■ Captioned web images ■

════════════════

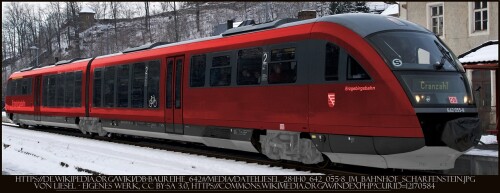 BR_642_VT_642_DB_Regio_Siemens_Desiro_Classic_Die_Bahn_AG_Deutsche_Bundesbahn-1---Kopie.jpg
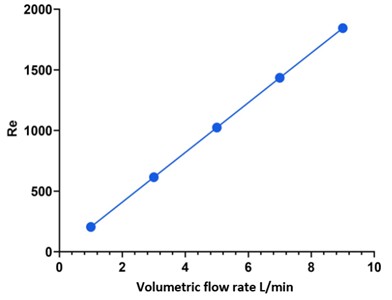 The relation between Reynolds number and volumetric flow rate for the cold-water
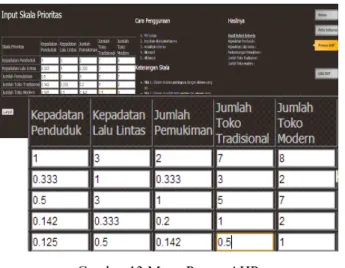 Gambar 13 Menu Proses AHP
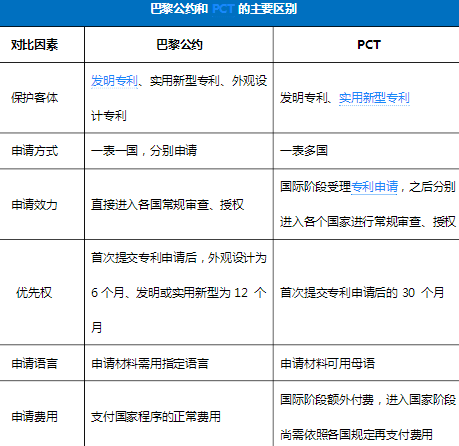 PCT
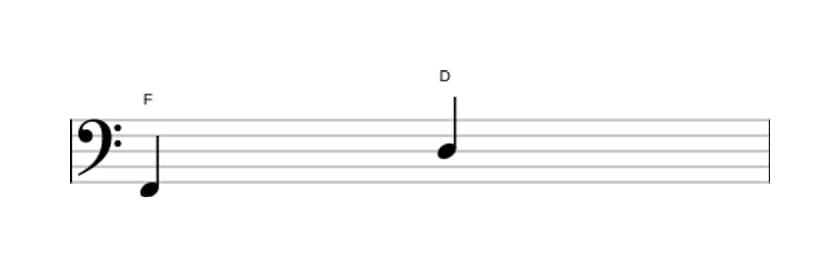 Sheet music of the Major sixth interval in three octaves (2)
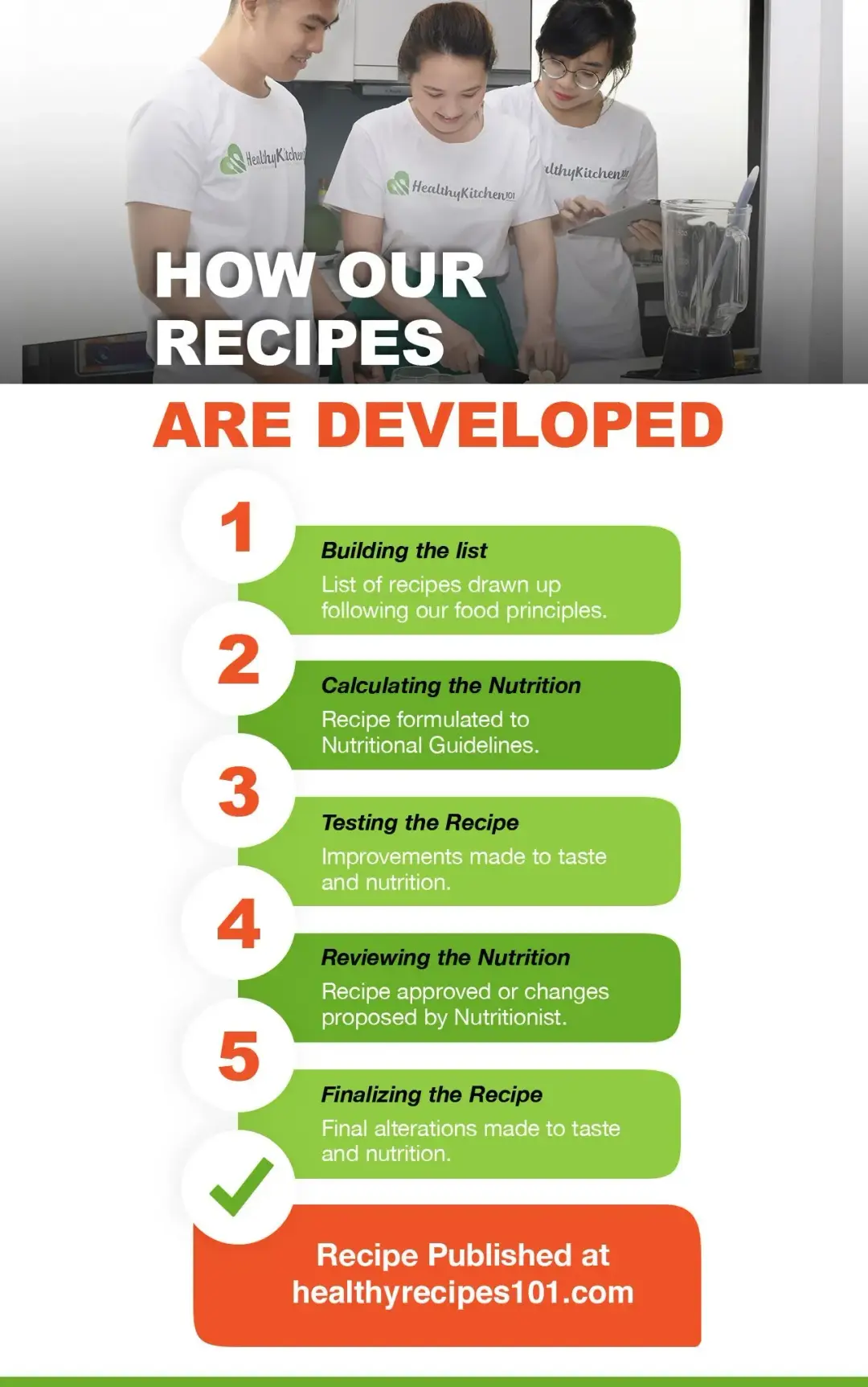 How Our Recipes Are Developed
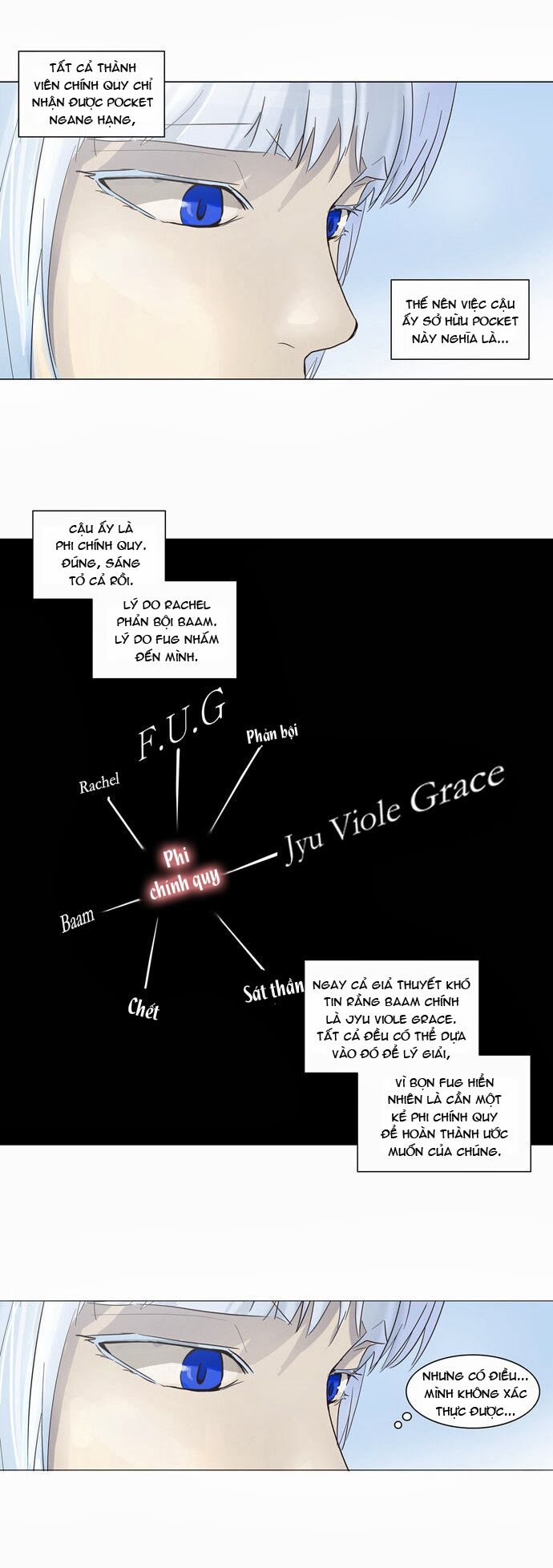 tòa tháp bí ẩn 2 chapter 53 37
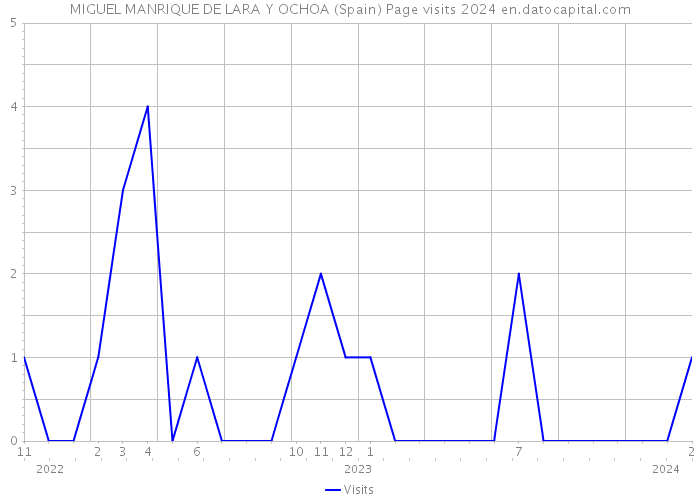 MIGUEL MANRIQUE DE LARA Y OCHOA (Spain) Page visits 2024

════════════════

■ How to complete this task ■
When you reach the line containing "The relation between" in the entries above, please retype it and each line after it through the last one, exactly, without the pictures.

■ Finished exercise ■
 The relation between Reynolds number and volumetric flow rate for the cold-water
 Gambar 13 Menu Proses AHP
 PCT
 Sheet music of the Major sixth interval in three octaves (2)
 How Our Recipes Are Developed
 tòa tháp bí ẩn 2 chapter 53 37
 MIGUEL MANRIQUE DE LARA Y OCHOA (Spain) Page visits 2024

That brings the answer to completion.